My Guest Author, my dad, grew up where the magic lives
The sky was covered with storm clouds. The January day was short without the thick clouds blanketing the afternoon light. Snow had been falling for the last two hours. Now, the wind was whipping it across the long open flat. The horses faced into it. The family huddled in the wagon. The heavy robes, made from Angora goat hides, failed to keep out all the cold.
At times the wagon trail was wiped out. The Thompson hills had disappeared. The mountains behind them were blotted out. The team moved slowly ahead. They knew the way even when they could not see the ground ten feet ahead. They stopped at a gate in a barbwire fence which stretched from the hills on the left to the drop off in the canyon on the right.
One of the boys opened the gate and the team plodded through. They had three hours to go. The light was gone.
More than the light was gone. The woman fought against a quiet despair made worse by the howling blizzard. Her husband was gone.
The children were not gone – the wagon was full of her children. The older boys, now grown into men, took turns facing the wind while the others covered themselves the best they could.
That was the way the day was ending. That was the way the week was ending. If she had any tears left Guadalupe Brannin did not share them at this time.
Her husband was dead. He was gone.
She had a foreboding of that when he left some weeks earlier to get to a town with some medical help. He had on his corduroy trousers. The crown of his hat was pushed down in Texas style. He rode old Bob. He’d been invincible, but now, the invincibility was claimed by a grave on the far side of town thirty miles back and across the river.
“Mama,” one of the boys said, “Mama, we’re in no shape to make it home tonight.”
The Grossfield cabin was just up ahead.
“We’d better stop.”
The team pulled off to the right where a log cabin huddled against the rolling hills. A dog barked a welcome from his nest in the barn. The door of the cabin opened. Abram Grossfield looked like an angel from heaven, and the family came in out of the storm.
They would remember that night. They would remember that there was a welcome after a storm, that there was hope after a graveyard.
The fire was warm.
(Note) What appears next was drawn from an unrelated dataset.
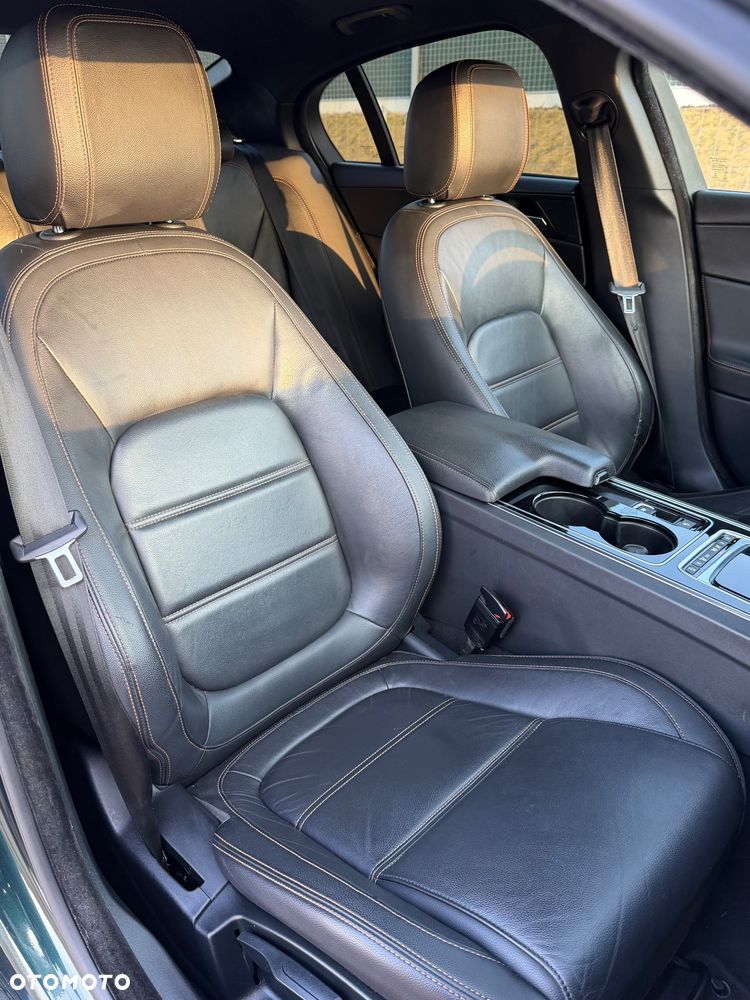 Jaguar XE 2.0 D R-Sport - 27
The children were fed. Condolences were given. There was talk of the mountains and the news from the settlement. And the house was warm.
The next morning the storm had eased up. The wagon was loaded. The team plodded up the draw and over the hill that broke down to the Sweet Grass. By then the sky had cleared. From the top of the ridge Guadalupe Brannin looked down into the mountain valley. She saw the log house on the far side of the valley, and the root cellar that the boys had dug into the hillside just in time to hold a wagon load of potatoes for the winters supply.
She’d been there only two years, but this was home, and home is where the magic lives.